According to a report in the Australian Financial Review, private equity firm TPG has lobbed a bid of around $766 million for Billabong, which is battling a perfect storm of problems, including anaemic retail sales around the world, the high Australian dollar and a debt load of $600 million.
The offer is pitched at about $3 a share, which sounds good when you consider the shares have languished at around $1.75 since the company released a shock profit warning in December, just three months after presenting a pretty rosy outlook at its annual general meeting.
But that 70% premium won’t make a takeover any easier to swallow for long-term investors. About two years ago, the company was worth $2.97 billion, or as much as $12 a share. An offer of $3 a share still represents an incredible destruction of wealth.
Billabong’s board and its major investors will now be faced with a stark choice between fresh memories (knocking back any takeover) and a new reality (accepting the deal).
The fresh memories will tell them the bid is an opportunistic bit of bargain hunting. This is a company with an iconic global brand, a strong retail footprint and before the last 18 to 24 months, a strong track record of growth and financial performance. If conditions change, surely Billabong can return to something like its former glories.
But the new reality is stark. The retail sector is being hit by structural change, as shoppers reduce the spending and shift this lower spending online. Prices and margins have shrunk. The high Australian dollar seems unlikely to retreat any time soon. Perhaps it would be better to take the money, cut your losses and let someone else tackle this perfect storm.

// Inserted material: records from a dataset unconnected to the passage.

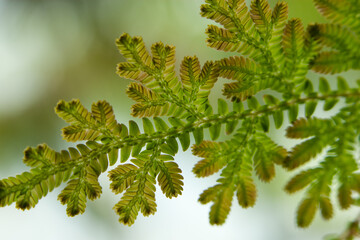 Fototapeta premium Macro photo of young fern sprout with selective focus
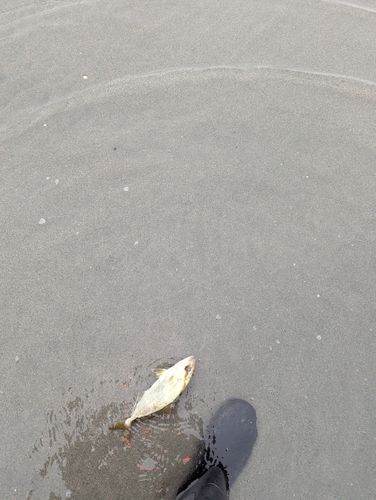 ショゴの釣果
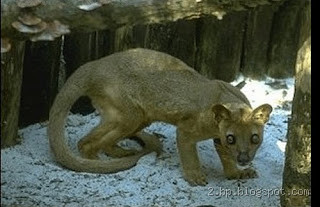 ما هو حيوان الغيث؟ اكتشف عالمه الغامض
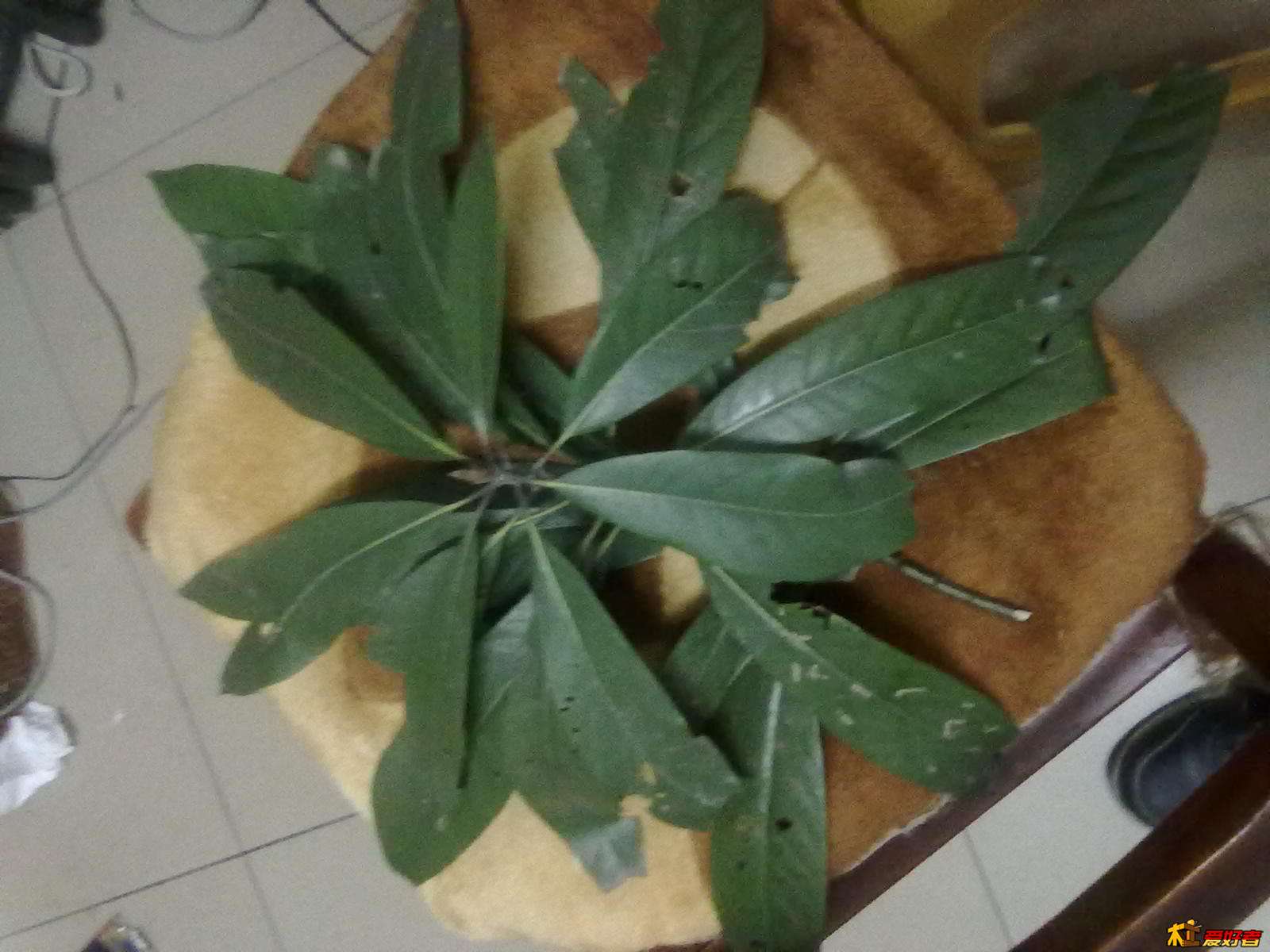 20130308815.jpg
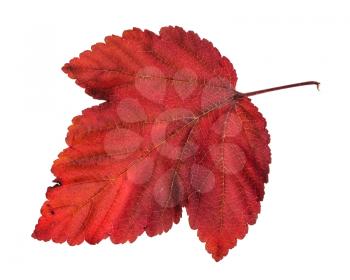 fallen red leaf of ninebark (physocarpus) shrub isolated on white background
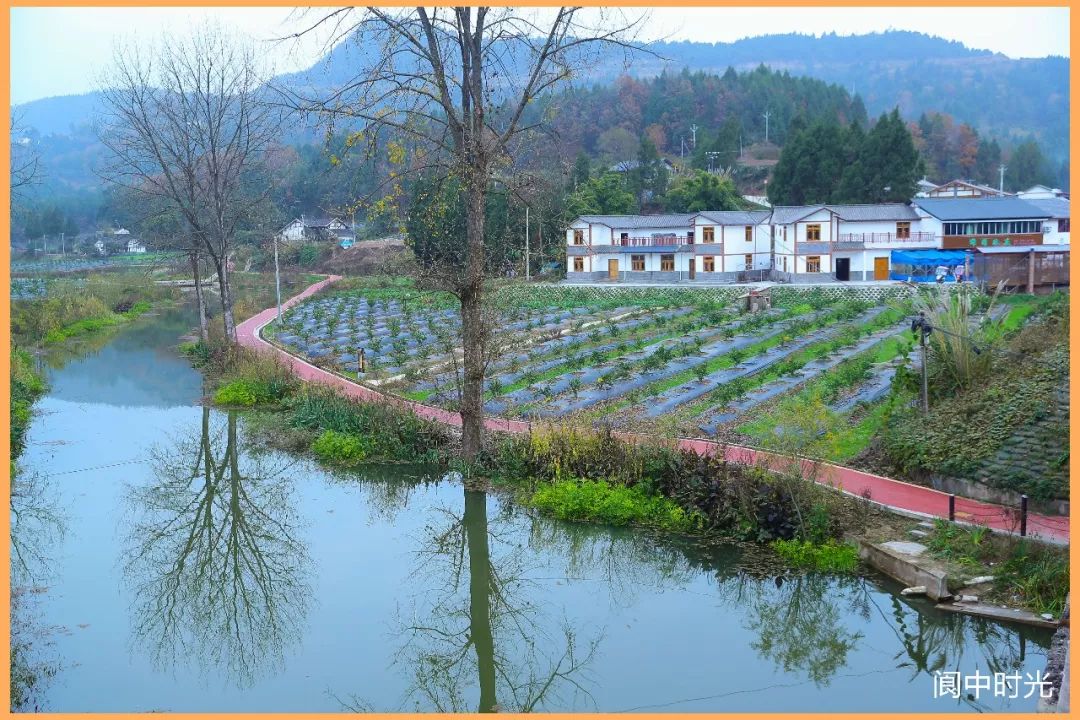 天林鄉五龍村位於閬中市西南部,是天林鄉的東大門,距城區22公里,幅員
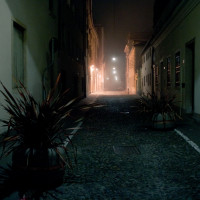 31 · Via Rinaldi
Click to view previous post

The investor wrestling most with this is likely to be company founder Gordon Merchant, a man who has seen his fortune shrink from more than $900 million to around $300 million because of Billabong’s decline.

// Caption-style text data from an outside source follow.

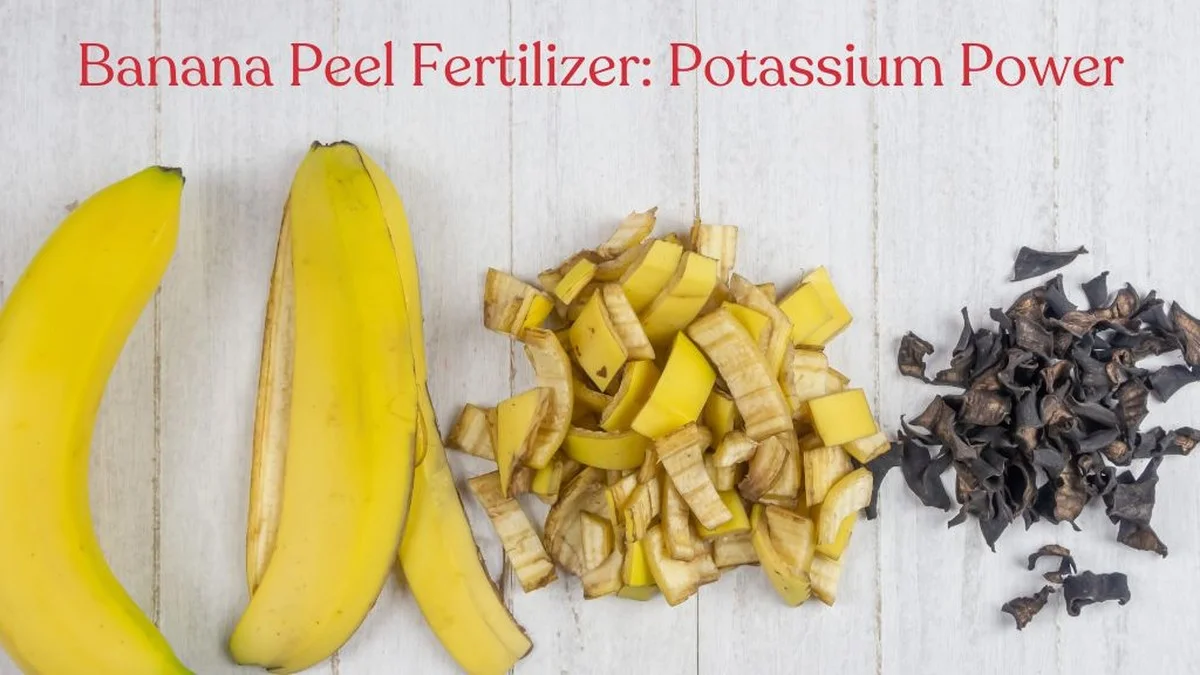 Zkušení zahradníci prozrazují: Vaše rajčata potřebují více draslíku než jste si mysleli - image 1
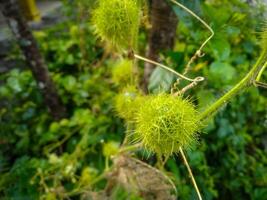 un' vicino su di rambusa, passiflora foetida foto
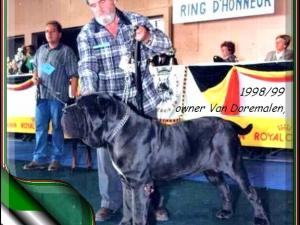 Caronte breeder Giuseppe La Parola Italy,,,, owner Van Doremalen  ,,,,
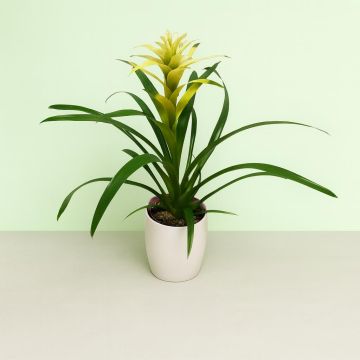 Bromelia white.jpg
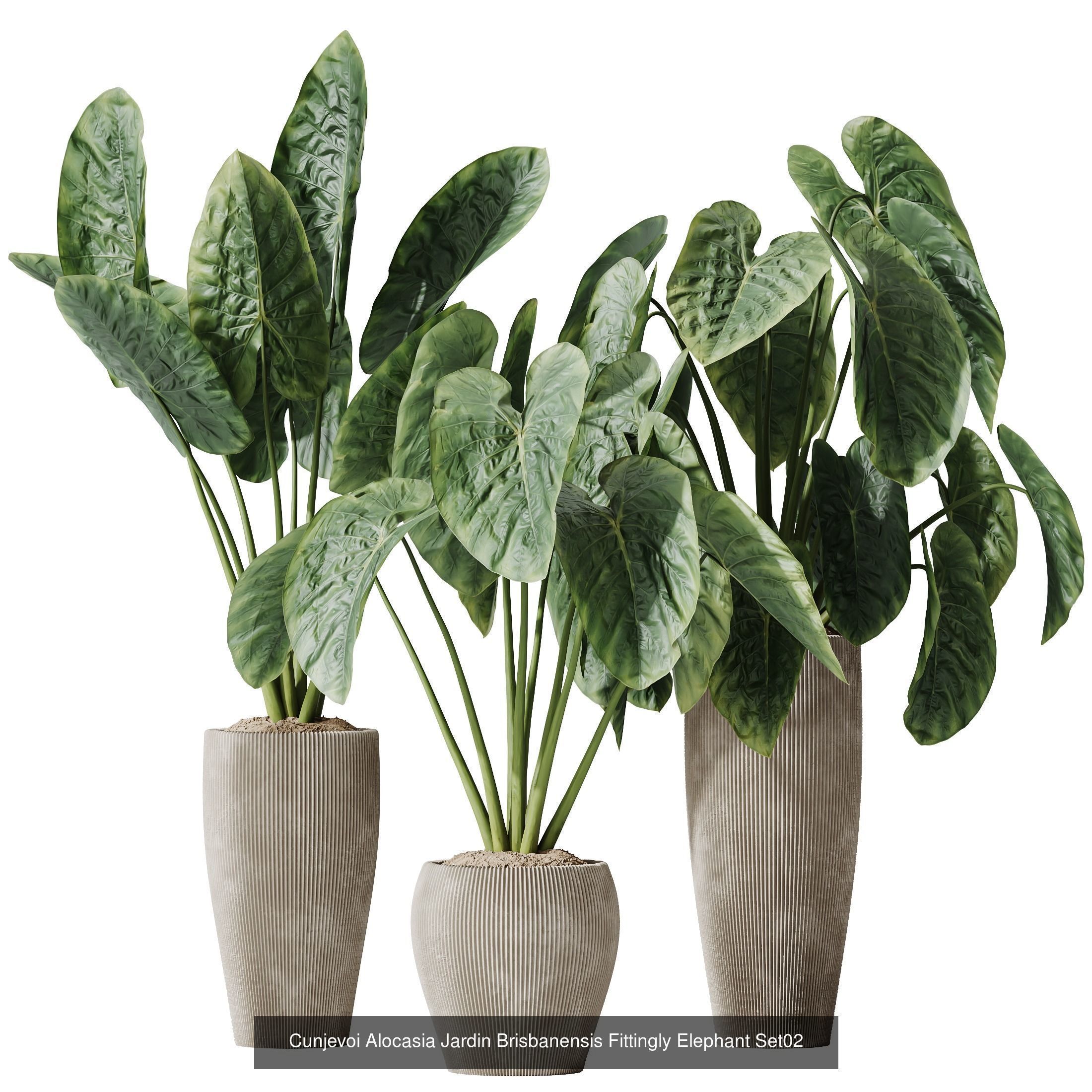 12 Different SETS of Plant Indoor SET VOL157 3D Model Collection_11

He still retains 15% of the company, and according to his rich list valuation, some spare cash, having sold about $200 million of stock back in 2006 when the shares were worth almost $15.
Merchant has made no signals about re-taking control of the company, but it’s natural for a founder and major shareholder to bristle at the idea of someone buying his company on the cheap. Whether Merchant has the financial firepower to make a bid would be an issue, but he could probably find a supportive investment partner is he wanted to.
If these takeover battles go as they usually do, Billabong’s board will make all the right noises about this being an opportunistic bid and press for a higher price.
But chairman Ted Kunkel will have to seriously entertain the offer from TPG and look for other interested parties in the hope of sparking a mini bidding war. French group PPR SA, which bought rival skate brand Volcom in early 2010 for $607.5 million could be one bidder.
But could the most likely interested party be sitting down at the board table in the form of Gordon Merchant? Time will tell.